Вот это нормально. Испанского вина у меня не нашлось. Была местная самогонка и послабее бражка.
– Извини, у меня только крепкое.
Она плечами пожимает, дескать, понимаю, что не Дом Периньон.
Нашаманил я каких-то пирогов, разлил по чуть-чуть. Чокнулись, выпили, еще налил. Только после третьей отпустило. Людка захмелела. Расскажи, твердит, как ты стал Кузнецом? А что тут рассказывать. Сам не знаю, как стал. Только, говорю, меня через три года должны убить. У нее опять глаза стали из орбит вылезать.
– Не трусь, – говорю – Хрен они угадали. Всех убью, один останусь.
– Андрюшенька, не умирай.
– Сам нэ хачу! – с намеренным «кавказским» акцентом проговорил я в стиле героя «Кавказской пленницы».
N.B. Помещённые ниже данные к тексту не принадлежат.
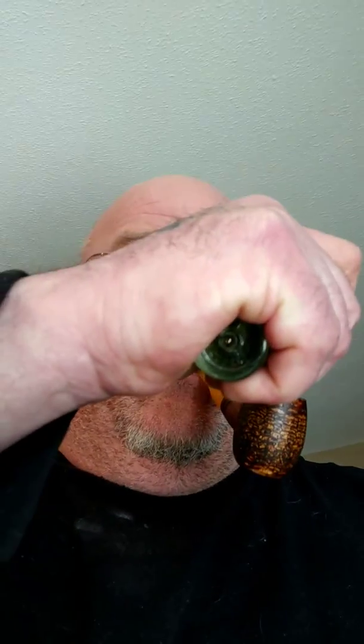Sanded it down, colored the bowl — shoot, it went out on me here. You're going to have to pardon me, guys, I'm sorry about this. There we go.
Людка впервые за все время, что я увидел в другой
– А ты как? – решил я перевести тему.
– Тоже не знаю. Когда ты провалился в эту трубу, там словно какой-то водоворот появился, меня будто засосало.
– Как в пылесос?
– Вроде того. Не перебивай, ладно. Я столько времени молчала, что и без тебя собьюсь. Вот. Короче говоря, я глаза зажмурила и куда-то лечу. Подумала, что умираю. Очень испугалась. Открыла глаза. Вижу, стою я, как была в джинсах, куртке своей итальянской, мне ее подруга из Милана привезла. Понимаю, что ни в раю, ни в аду комары меня так кусать не будут. Понимаю, что я, наверное, попаданец. Я столько книг про них прочла. Все-все знаю. Только у меня как-то совсем все неправильно. Попробовала колдовать. Вдруг у меня магия появилась. Только магии никакой не было. Ничего не было. Я была совсем одна в настоящей тайге. Да я за всю жизнь только один раз была в Сикачи-Аляне с какими-то иностранцами переводчиком. А потом кусты зашевелились, и кто-то большой стал ломиться. Сейчас я знаю, что скорее всего, кто-то не страшный, иначе бы просто съел. А тогда мне стало не просто страшно, я оцепенела от ужаса, от всего, что случилось. Тогда, ну, перед всем, мне показалось, что ты хочешь меня бросить. И мне было так грустно. Теперь, на поляне я готова была все отдать, чтобы мне опять было просто грустно. Я и заорала. Орала долго. Просто стояла и орала во все горло. Тут и дед Лавр прибежал. Наверное, решил, что кого-то уже зарезали.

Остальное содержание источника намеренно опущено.